Multiple strategies enable fund to select the right equities
The Old Mutual Global Equity Fund’s highly pragmatic approach to stock selection continues to produce superior performance for its investors. This is the fifth year in a row that the fund has won the Raging Bull Award in the rand-denominated global equity general sub-category.
The fund achieved an annual average return of 15.29 percent (in rands) over three years, according to ProfileData. The benchmark for the global equity general sub-category, the MSCI World Index, returned an average of 11.33 percent a year over the same period. The 30 funds in the sub-category with a performance history of three years returned an average of 10.61 percent a year.

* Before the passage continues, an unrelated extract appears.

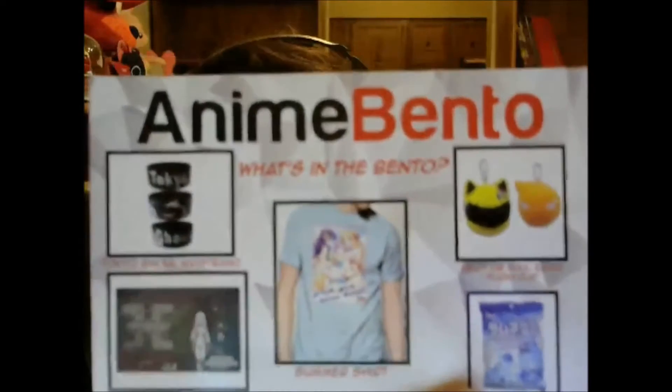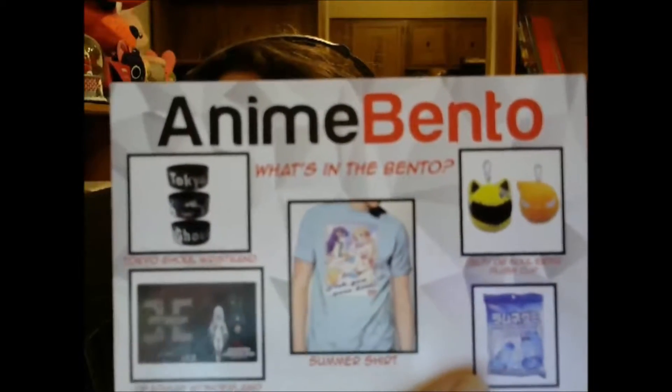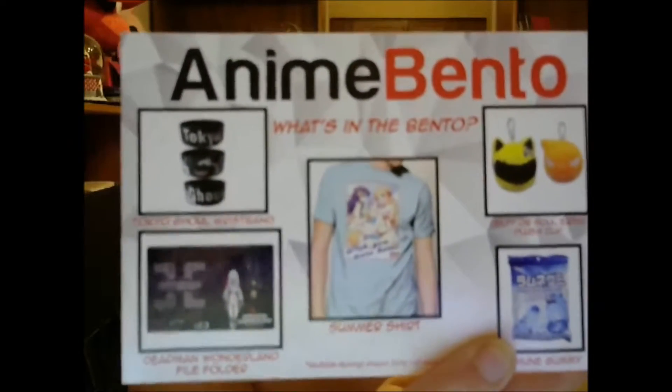With the Tokyo Ghoul bracelet, you could have gotten one of three different bracelets. For the plush keychain, you could have gotten either Celty or Soul Eater. Here's a better view of the back showing all the stuff you could have gotten for this month.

Global equity general funds must invest at least 80 percent in equity markets outside of South Africa at all times.
The fund has proved to be a consistent performer over the long term: achieving the best return (12.89 percent versus the MSCI’s 9.56 percent) over 20 years; 9.06 percent (versus 4.68 percent) over 15 years and 22.15 percent (versus 15.65 percent) over seven years. It was also second-best over 10 years with 12.24 percent (MSCI: 8.59 percent; the top-performer: 13.25 percent).
The Global Equity General Fund also received the certificate for the best South African-domiciled global equity general fund on a risk-adjusted basis over five years to December 31, 2016. The award of five PlexCrowns in the global equity general sub-category means it delivered the best consistent returns without too much risk.
The fund is a product of Old Mutual Global Investors (OMGI), based in London. Its managers are Ian Heslop, the head of the global equities team at OMGI, Amadeo Alentorn and Mike Servent.
The team uses five strategies to identify shares that are mispriced – in other words, companies whose share prices are not a true reflection of their inherent value. The strategies are:
• Dynamic valuation: identifies shares that are undervalued, although the companies have strong balance sheets.
• Market dynamics: identifies shares that will benefit from economic trends, but whose prices do not reflect the expected benefits.
• Sustainable growth: identifies companies that have strong growth potential that is not reflected in the share price.
• Analyst sentiment: identifies shares that are likely to do well, although that is not reflected in the shares’ prices.
• Company management: identifies companies with strong management teams.
“We look to understand if a particular stock is likely to out- or under-perform its index by incorporating company-level information,” Heslop says.
“And we don’t stop there, recognising that we do not actually buy companies, but shares in companies. The view on the stock is then a blend of these different views, which changes over time to reflect how the market is currently deciding which stocks to buy.”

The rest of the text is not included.